**Task**
Repeat, line for line, only the span that opens at the "Kanchipuram Silk Butta Lavender Saree" line and closes at the final line below. Skip the pictures.
╔══
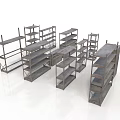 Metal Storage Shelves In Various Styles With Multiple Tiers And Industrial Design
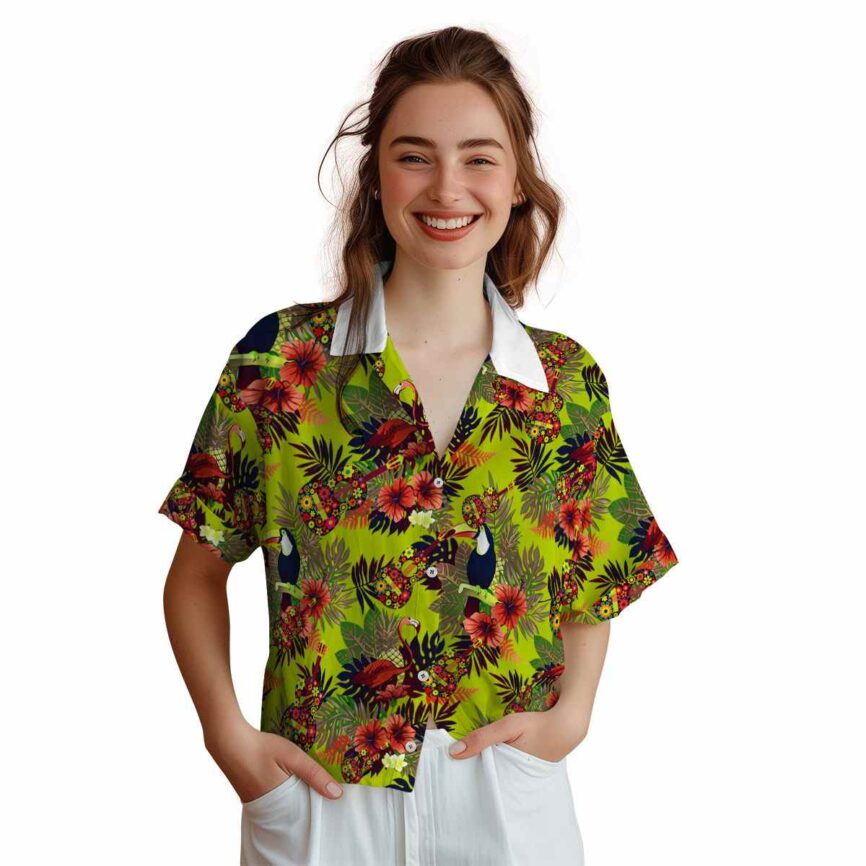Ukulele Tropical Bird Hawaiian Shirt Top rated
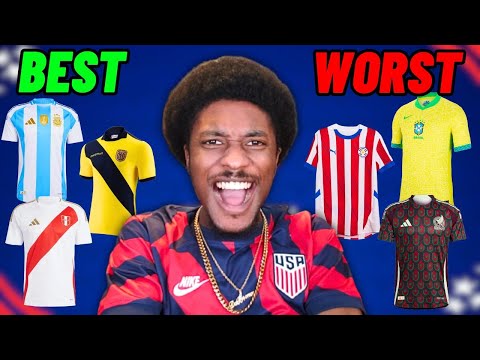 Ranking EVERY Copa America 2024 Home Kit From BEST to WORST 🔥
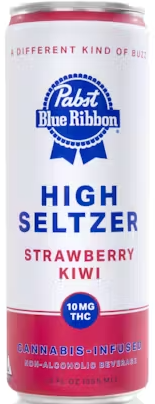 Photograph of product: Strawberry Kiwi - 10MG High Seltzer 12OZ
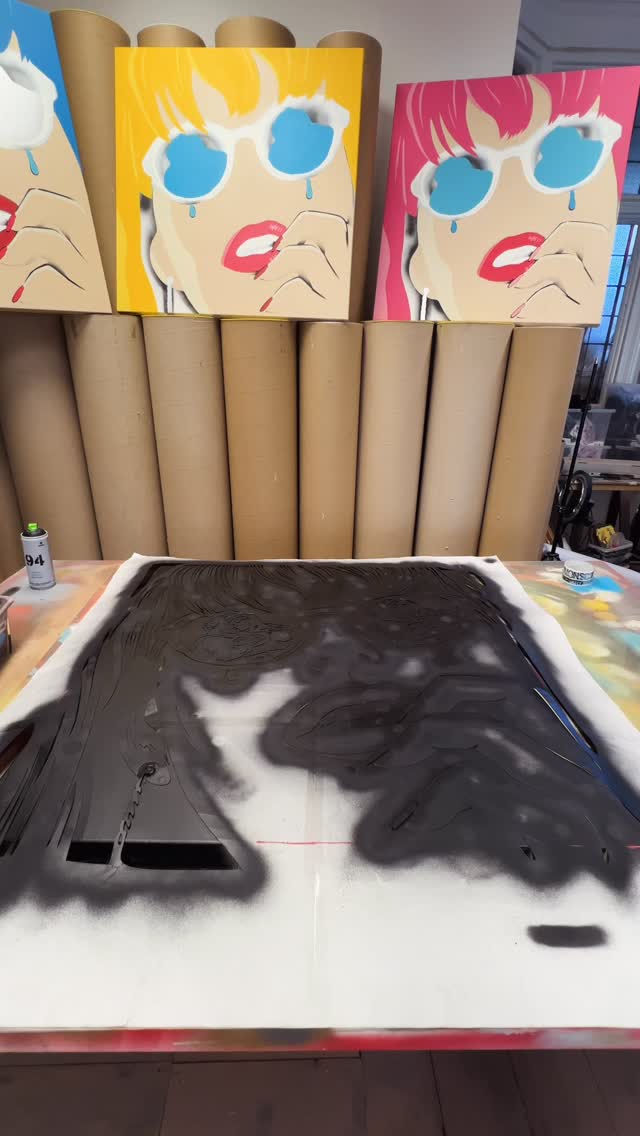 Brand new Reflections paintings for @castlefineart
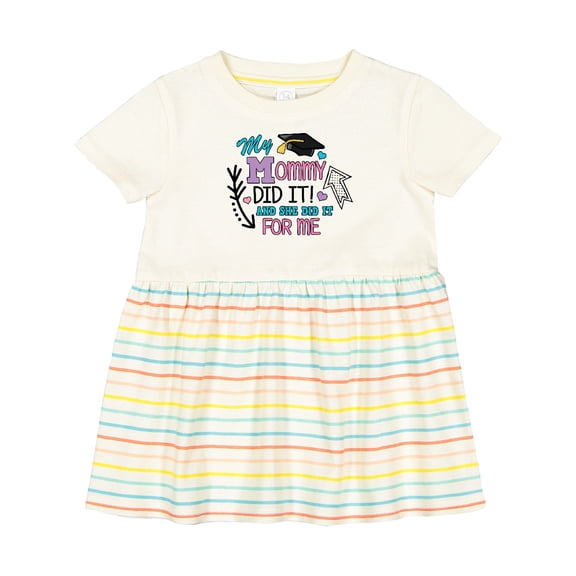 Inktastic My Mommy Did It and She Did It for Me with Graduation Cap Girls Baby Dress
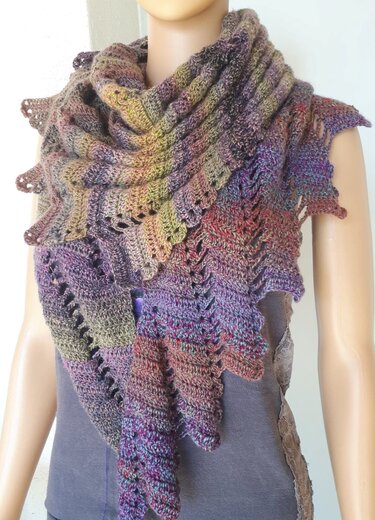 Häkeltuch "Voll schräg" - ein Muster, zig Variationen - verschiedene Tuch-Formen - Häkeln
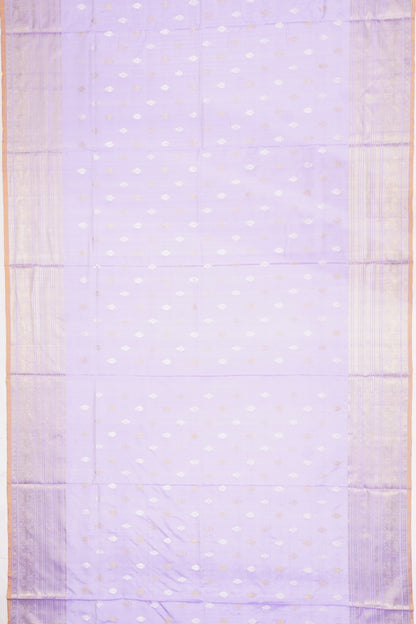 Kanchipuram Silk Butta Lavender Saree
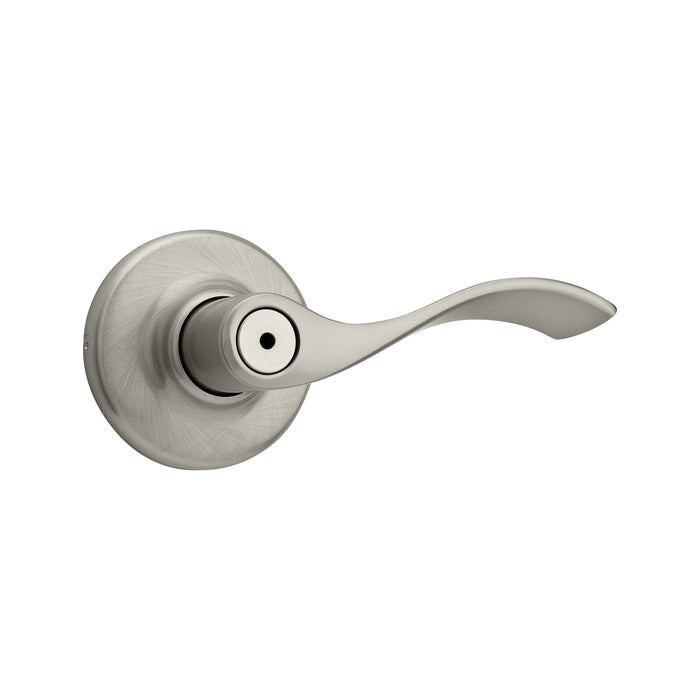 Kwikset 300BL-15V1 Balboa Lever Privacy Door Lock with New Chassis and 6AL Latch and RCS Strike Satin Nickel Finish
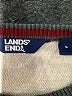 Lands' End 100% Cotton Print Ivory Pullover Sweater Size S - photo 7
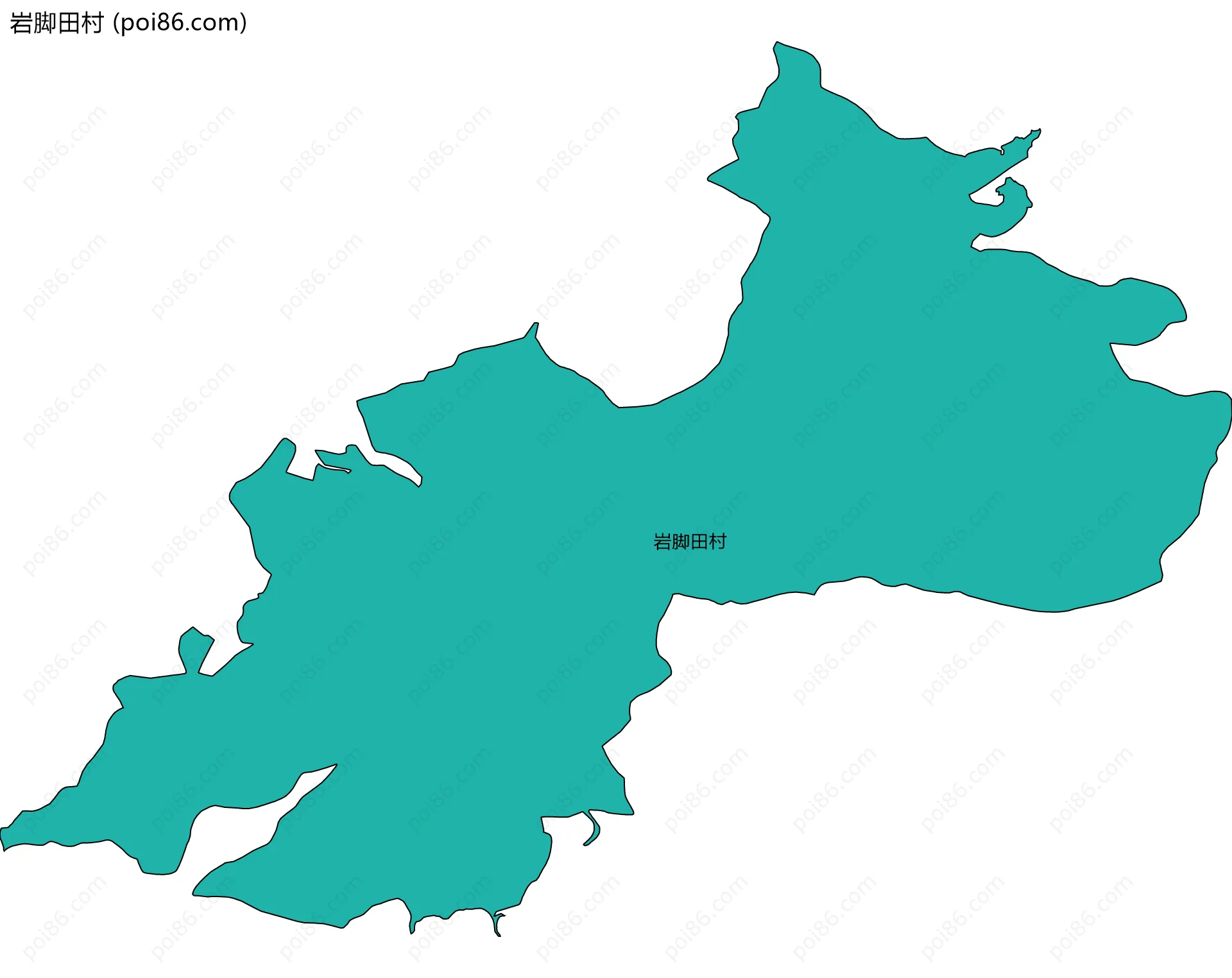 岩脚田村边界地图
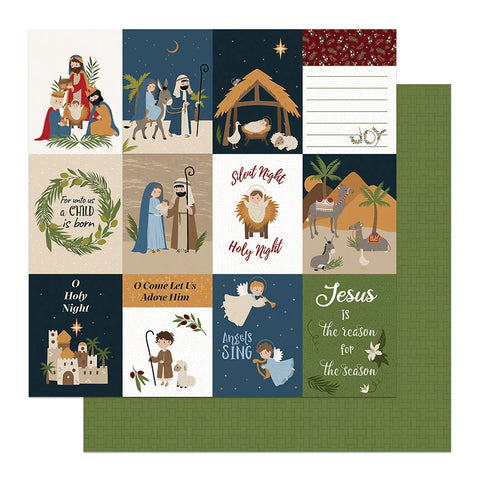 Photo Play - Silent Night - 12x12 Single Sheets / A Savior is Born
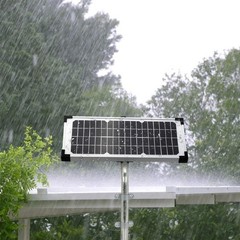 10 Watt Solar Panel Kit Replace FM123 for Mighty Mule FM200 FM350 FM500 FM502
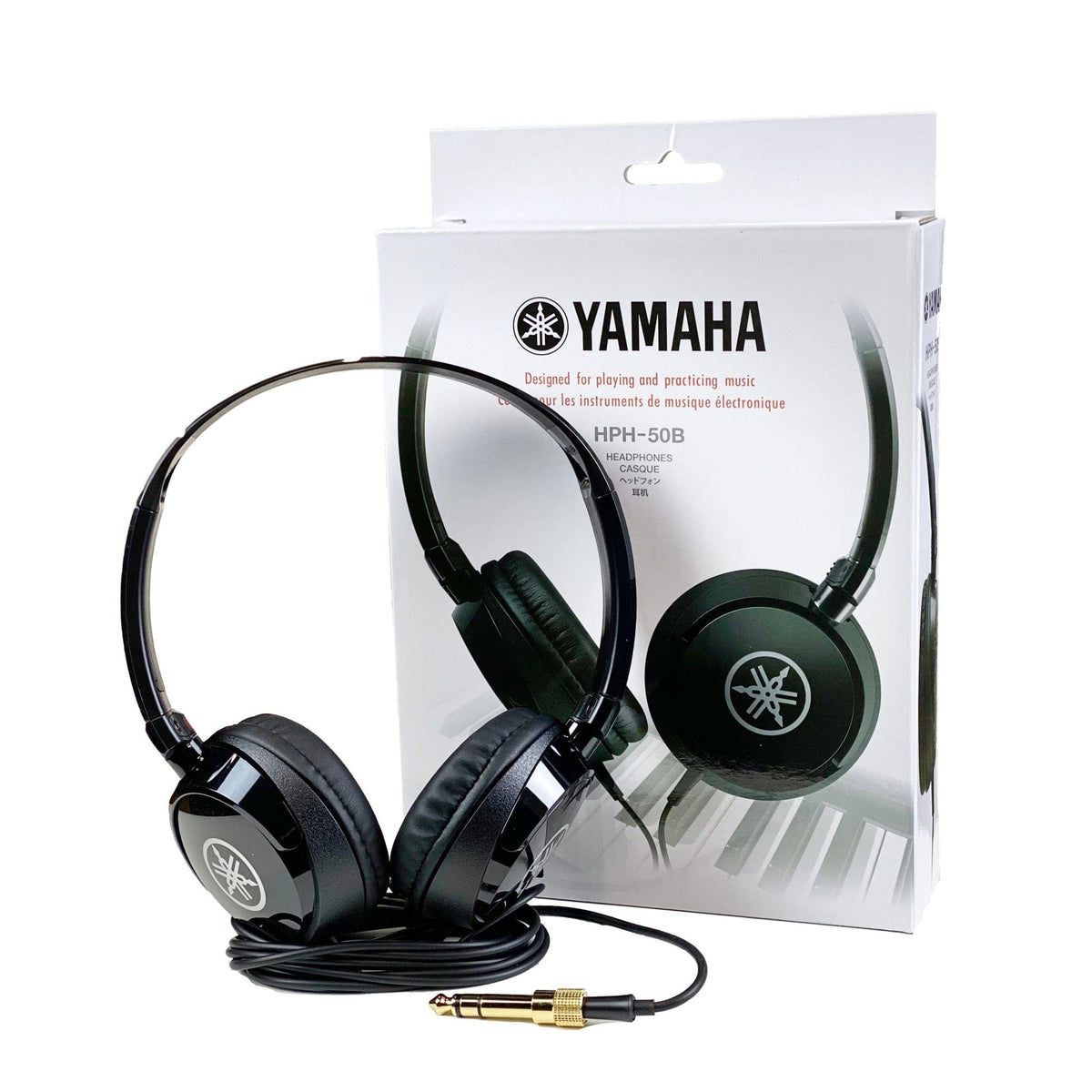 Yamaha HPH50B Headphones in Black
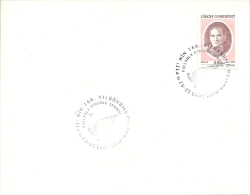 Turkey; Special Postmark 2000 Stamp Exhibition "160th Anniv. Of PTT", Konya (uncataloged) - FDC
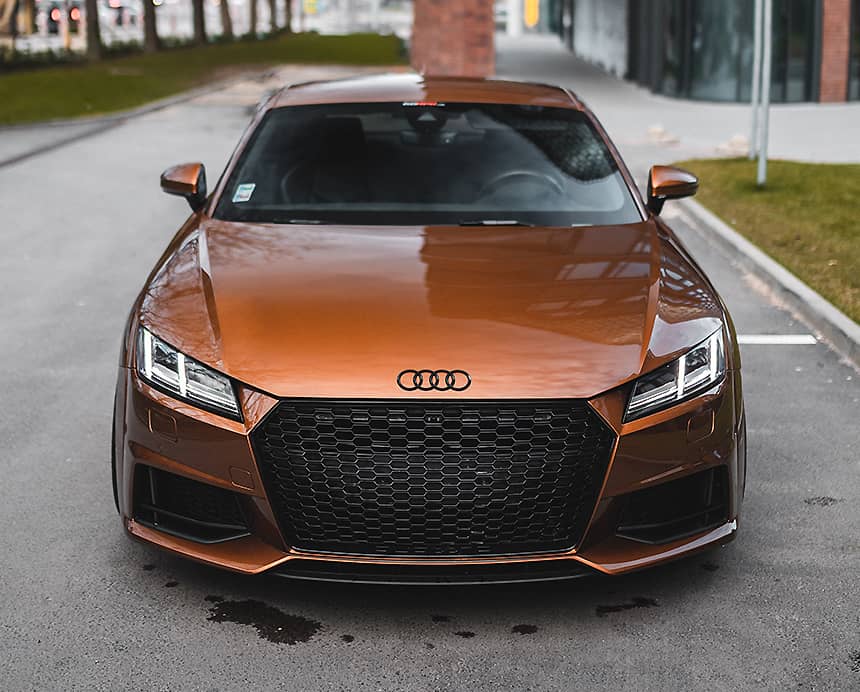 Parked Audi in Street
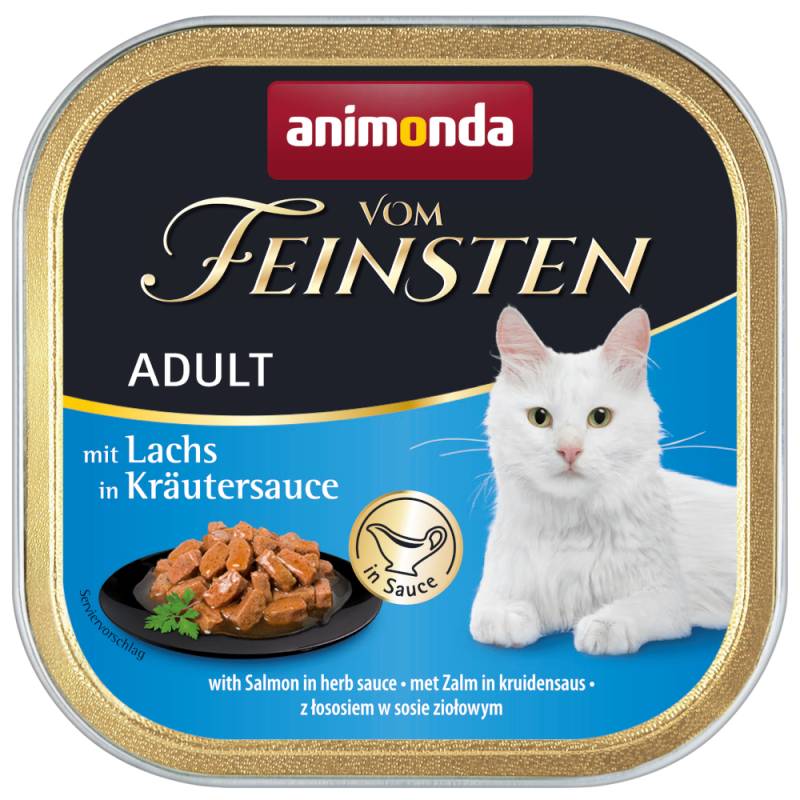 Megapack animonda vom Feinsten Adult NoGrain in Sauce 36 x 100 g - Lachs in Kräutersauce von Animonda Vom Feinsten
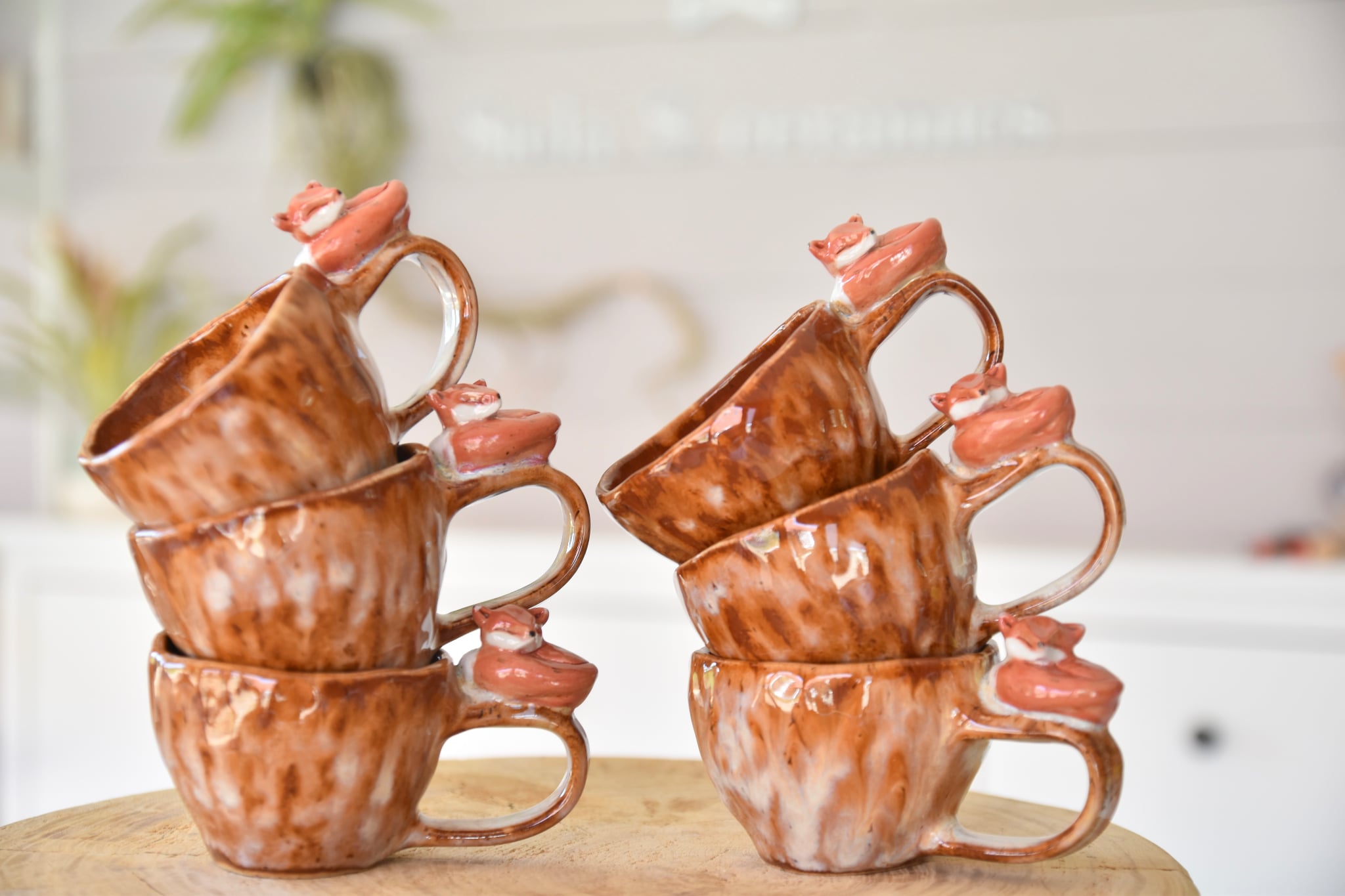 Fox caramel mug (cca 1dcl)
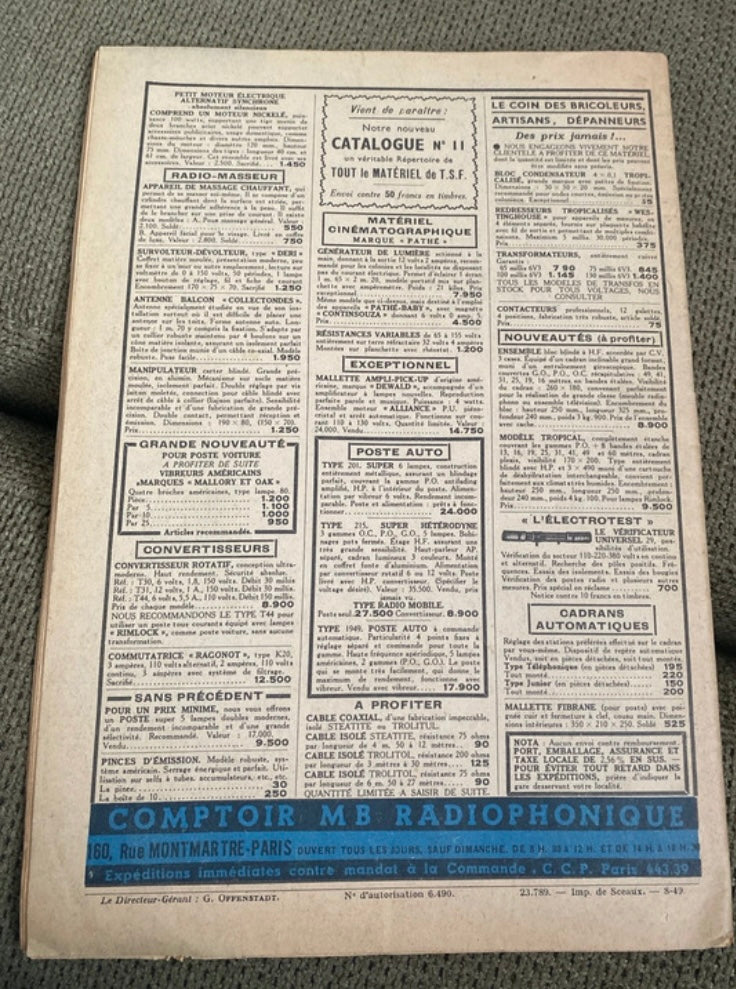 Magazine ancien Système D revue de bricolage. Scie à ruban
╚══
**Output**
 Kanchipuram Silk Butta Lavender Saree
 Kwikset 300BL-15V1 Balboa Lever Privacy Door Lock with New Chassis and 6AL Latch and RCS Strike Satin Nickel Finish
 Lands' End 100% Cotton Print Ivory Pullover Sweater Size S - photo 7
 岩脚田村边界地图
 Photo Play - Silent Night - 12x12 Single Sheets / A Savior is Born
 10 Watt Solar Panel Kit Replace FM123 for Mighty Mule FM200 FM350 FM500 FM502
 Yamaha HPH50B Headphones in Black
 Turkey; Special Postmark 2000 Stamp Exhibition "160th Anniv. Of PTT", Konya (uncataloged) - FDC
 Parked Audi in Street
 Megapack animonda vom Feinsten Adult NoGrain in Sauce 36 x 100 g - Lachs in Kräutersauce von Animonda Vom Feinsten
 Fox caramel mug (cca 1dcl)
 Magazine ancien Système D revue de bricolage. Scie à ruban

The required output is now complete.